-- Opening Marker --

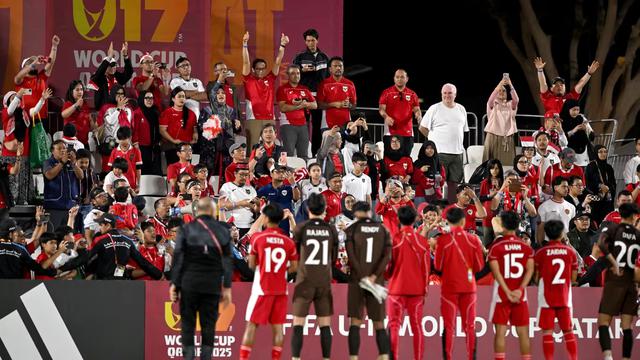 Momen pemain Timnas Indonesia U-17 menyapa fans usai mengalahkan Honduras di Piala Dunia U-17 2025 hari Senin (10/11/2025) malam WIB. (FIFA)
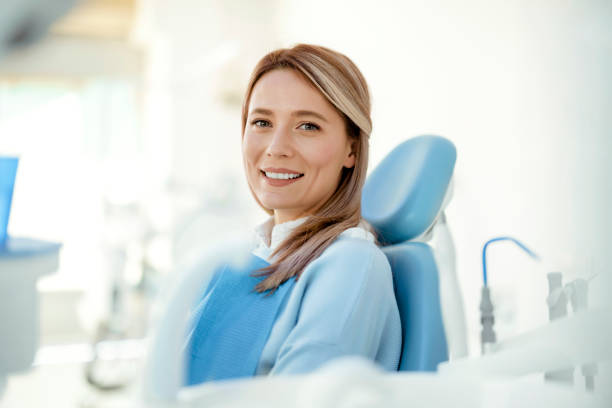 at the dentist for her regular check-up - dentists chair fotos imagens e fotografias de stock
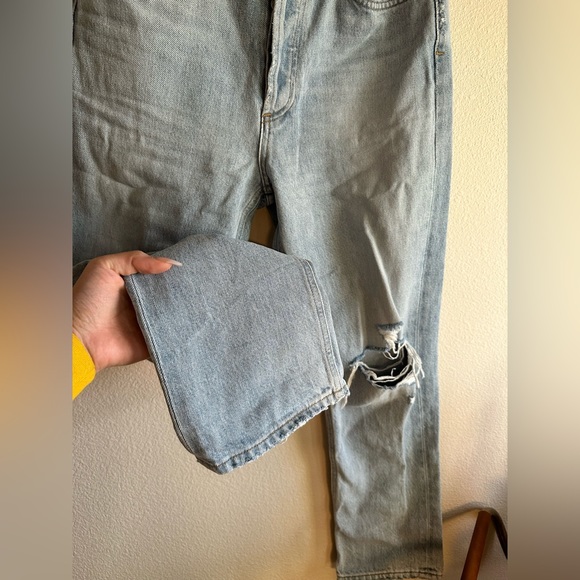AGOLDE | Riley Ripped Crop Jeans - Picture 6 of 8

-- Closing Marker --

**Action item**
Retype the whole listing exactly and leave the pictures out.

**Exercise solution**
 Momen pemain Timnas Indonesia U-17 menyapa fans usai mengalahkan Honduras di Piala Dunia U-17 2025 hari Senin (10/11/2025) malam WIB. (FIFA)
 at the dentist for her regular check-up - dentists chair fotos imagens e fotografias de stock
AGOLDE | Riley Ripped Crop Jeans - Picture 6 of 8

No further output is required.